Welshman, John (2019) The discourse of poverty : Structural and behavioural approaches in the UK since 1900. In: Routledge International Handbook of Poverty :. Routledge International Handbooks . Routledge, London, pp. 130-138. ISBN 9780367178666
Full text not available from this repository.Abstract
This chapter surveys how poverty has been understood historically in the UK since 1900. On the one hand, poverty has been viewed as a large-scale structural phenomenon. Understandings of poverty have been significantly advanced through social surveys. Significant developments have included the collection of empirical data, the elaboration of poverty lines, the use of random sampling, the move from concepts of absolute to relative poverty, and the development of methodologies and theories based on poverty dynamics.
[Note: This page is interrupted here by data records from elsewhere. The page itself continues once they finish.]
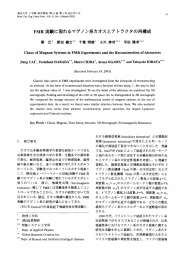 に現れるマグノ ン系カオスとア トラクタの再成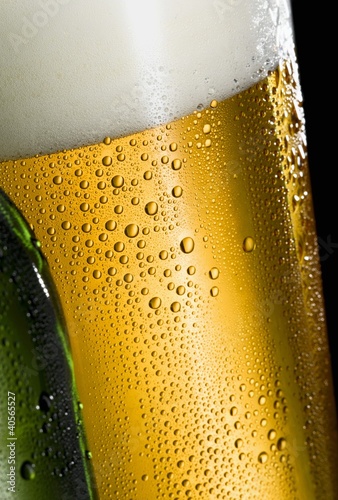 Foto: Glass of lager with condensation (close-up) Glass of lager with condensation (close-up)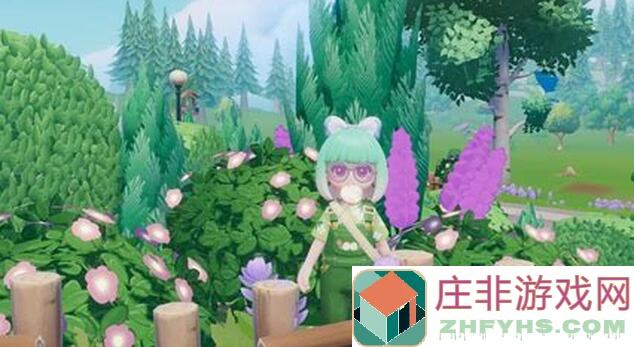 心动小镇雨天彩虹攻略：教你如何轻松拍鸟，解锁心动秘籍！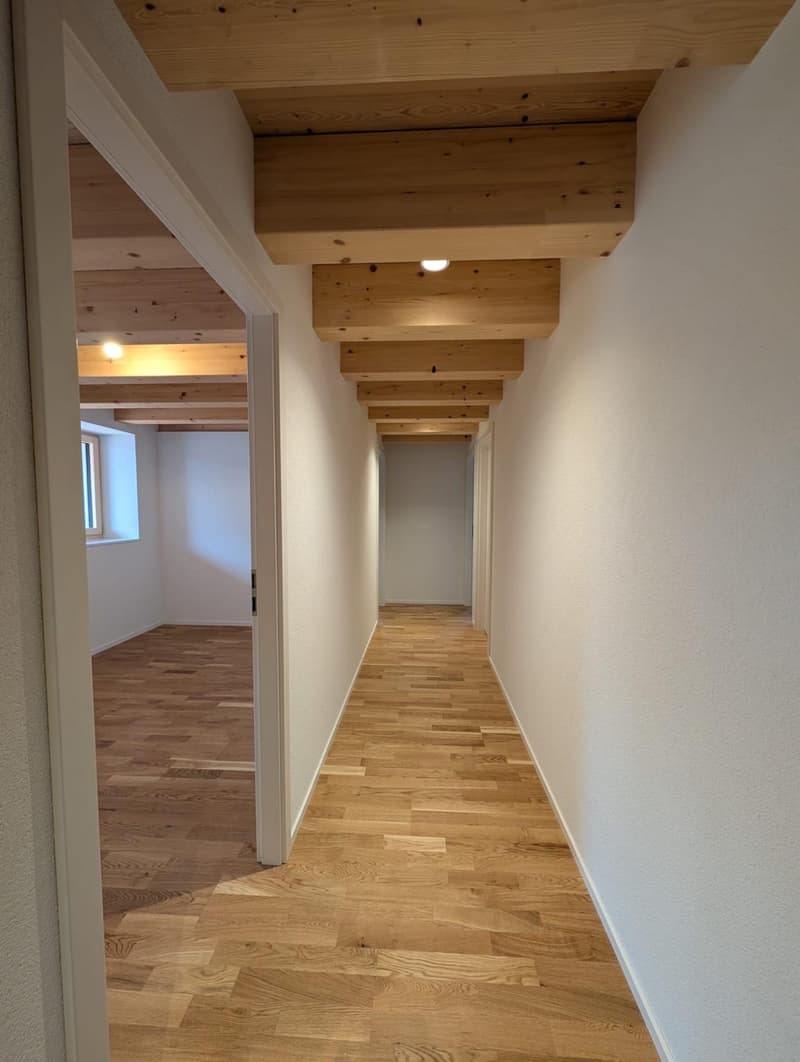 Beautiful 4.5-room duplex apartment in a renovated house (7)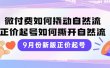 9月份新版正价起号，微付费如何撬动自然流，正价起号如何撕开自然流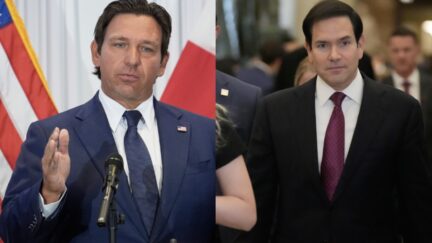 Ron DeSantis Marco Rubio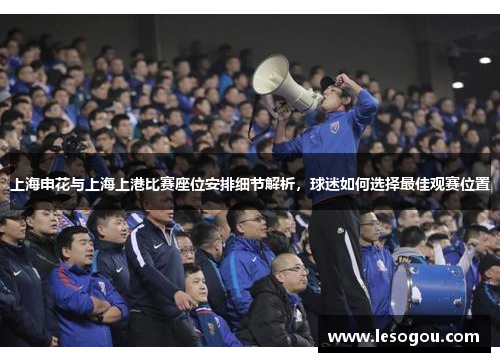 上海申花与上海上港比赛座位安排细节解析，球迷如何选择最佳观赛位置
However, poverty has also been repeatedly viewed as a residual personal or family problem. In the modern period, such concepts have included, in the UK, the social residuum of the 1880s, the social problem group of the 1920s, the problem family of the 1950s, the cycle of deprivation of the 1970s, the underclass of the 1980s, the socially excluded of the 1990s, and the troubled families of the early 21st century. The chapter looks at three landmarks in the history of poverty in the UK – the Rowntree survey (1901); Peter Townsend’s theory of ‘relative deprivation’; and research on poverty dynamics from the 1990s – and shows how each was both preceded by, and followed by, rival readings of poverty.